As I have commented (probably a little too much) before, this has been a tough year, but I feel I have come out of it having grown in my own self-worth, self-knowledge and in my relationship with God. I have also realised in a very real, rather than intellectual way, how important peer support is for sustaining me - and how important that will be in the future. I hope I have been able to reciprocate too.
As I look back at my placements I wonder if I, at times, perhaps stretched myself too much. Expected too much of myself and set my standards and aims unrealistically high. The best way of putting it, I suppose, is training for a sport (or just generally getting fitter). I have pushed and pushed myself and either ignored or not realised I was coping with an 'injury.' Rather than resting up, I've pressed on and that's just made things worse.

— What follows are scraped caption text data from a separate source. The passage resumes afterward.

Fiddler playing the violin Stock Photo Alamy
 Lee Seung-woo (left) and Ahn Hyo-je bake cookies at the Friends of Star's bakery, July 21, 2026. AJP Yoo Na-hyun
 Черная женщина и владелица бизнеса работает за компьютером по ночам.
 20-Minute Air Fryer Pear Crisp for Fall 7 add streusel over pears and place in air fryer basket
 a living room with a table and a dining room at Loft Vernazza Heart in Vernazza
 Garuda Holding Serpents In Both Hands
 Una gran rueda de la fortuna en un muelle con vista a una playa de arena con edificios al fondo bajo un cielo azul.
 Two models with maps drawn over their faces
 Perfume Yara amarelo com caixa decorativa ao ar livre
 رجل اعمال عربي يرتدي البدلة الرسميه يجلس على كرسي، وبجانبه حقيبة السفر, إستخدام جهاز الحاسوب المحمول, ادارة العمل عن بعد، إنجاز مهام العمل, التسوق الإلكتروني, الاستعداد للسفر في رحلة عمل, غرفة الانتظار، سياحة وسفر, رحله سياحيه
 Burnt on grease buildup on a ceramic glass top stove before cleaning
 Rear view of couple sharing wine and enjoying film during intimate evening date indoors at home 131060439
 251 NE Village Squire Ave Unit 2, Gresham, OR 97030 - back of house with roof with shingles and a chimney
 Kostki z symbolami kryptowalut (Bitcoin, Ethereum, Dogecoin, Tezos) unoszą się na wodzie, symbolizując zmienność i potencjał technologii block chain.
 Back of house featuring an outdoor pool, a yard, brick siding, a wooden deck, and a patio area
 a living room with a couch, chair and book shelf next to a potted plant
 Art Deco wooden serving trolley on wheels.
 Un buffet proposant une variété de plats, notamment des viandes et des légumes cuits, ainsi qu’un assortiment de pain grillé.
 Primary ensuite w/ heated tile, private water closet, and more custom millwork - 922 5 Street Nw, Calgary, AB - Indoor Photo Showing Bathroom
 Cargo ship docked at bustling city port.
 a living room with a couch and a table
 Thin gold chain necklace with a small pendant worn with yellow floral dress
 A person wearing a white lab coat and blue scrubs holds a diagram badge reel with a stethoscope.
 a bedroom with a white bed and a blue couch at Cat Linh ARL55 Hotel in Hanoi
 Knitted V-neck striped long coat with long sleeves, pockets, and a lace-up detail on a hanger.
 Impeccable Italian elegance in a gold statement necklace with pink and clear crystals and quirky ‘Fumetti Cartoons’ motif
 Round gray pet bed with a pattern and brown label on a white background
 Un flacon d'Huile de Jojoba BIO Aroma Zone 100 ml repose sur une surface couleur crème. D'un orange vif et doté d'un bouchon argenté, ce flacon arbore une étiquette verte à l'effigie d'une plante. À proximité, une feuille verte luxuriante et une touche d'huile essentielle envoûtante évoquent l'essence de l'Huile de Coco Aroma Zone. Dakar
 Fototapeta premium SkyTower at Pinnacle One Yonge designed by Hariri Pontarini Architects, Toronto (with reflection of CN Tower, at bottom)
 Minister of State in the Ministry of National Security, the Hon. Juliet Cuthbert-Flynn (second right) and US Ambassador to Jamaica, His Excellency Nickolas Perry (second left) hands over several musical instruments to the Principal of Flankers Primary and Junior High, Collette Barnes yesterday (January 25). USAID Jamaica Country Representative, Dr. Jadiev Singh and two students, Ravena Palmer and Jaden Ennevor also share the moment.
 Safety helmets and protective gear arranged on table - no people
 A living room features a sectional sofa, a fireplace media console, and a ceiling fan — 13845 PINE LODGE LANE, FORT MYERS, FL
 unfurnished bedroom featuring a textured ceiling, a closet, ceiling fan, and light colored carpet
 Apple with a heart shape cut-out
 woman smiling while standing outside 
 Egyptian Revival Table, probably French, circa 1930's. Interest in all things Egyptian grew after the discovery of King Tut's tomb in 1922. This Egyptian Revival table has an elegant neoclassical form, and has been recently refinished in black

So, having spiritual direction (oh, I think I am going to be a bit of an advocate for that) and an additional placement to do, it has allowed me to deal with the injury properly and fully. I suppose it's a bit like physiotherapy - specific exercises, under guidance, to encourage and ensure healing. All in, allowing me to go on following God in his calling on my life.
So, the lesson from this year? Listen to when I need rest. Listen when I need to take a step back. Take the chance to share experiences, fears, joys and the general wonder of ministry with trusted colleagues. Remember there are people praying for me (and all of us). And, always, that God has my back and calls me for his service.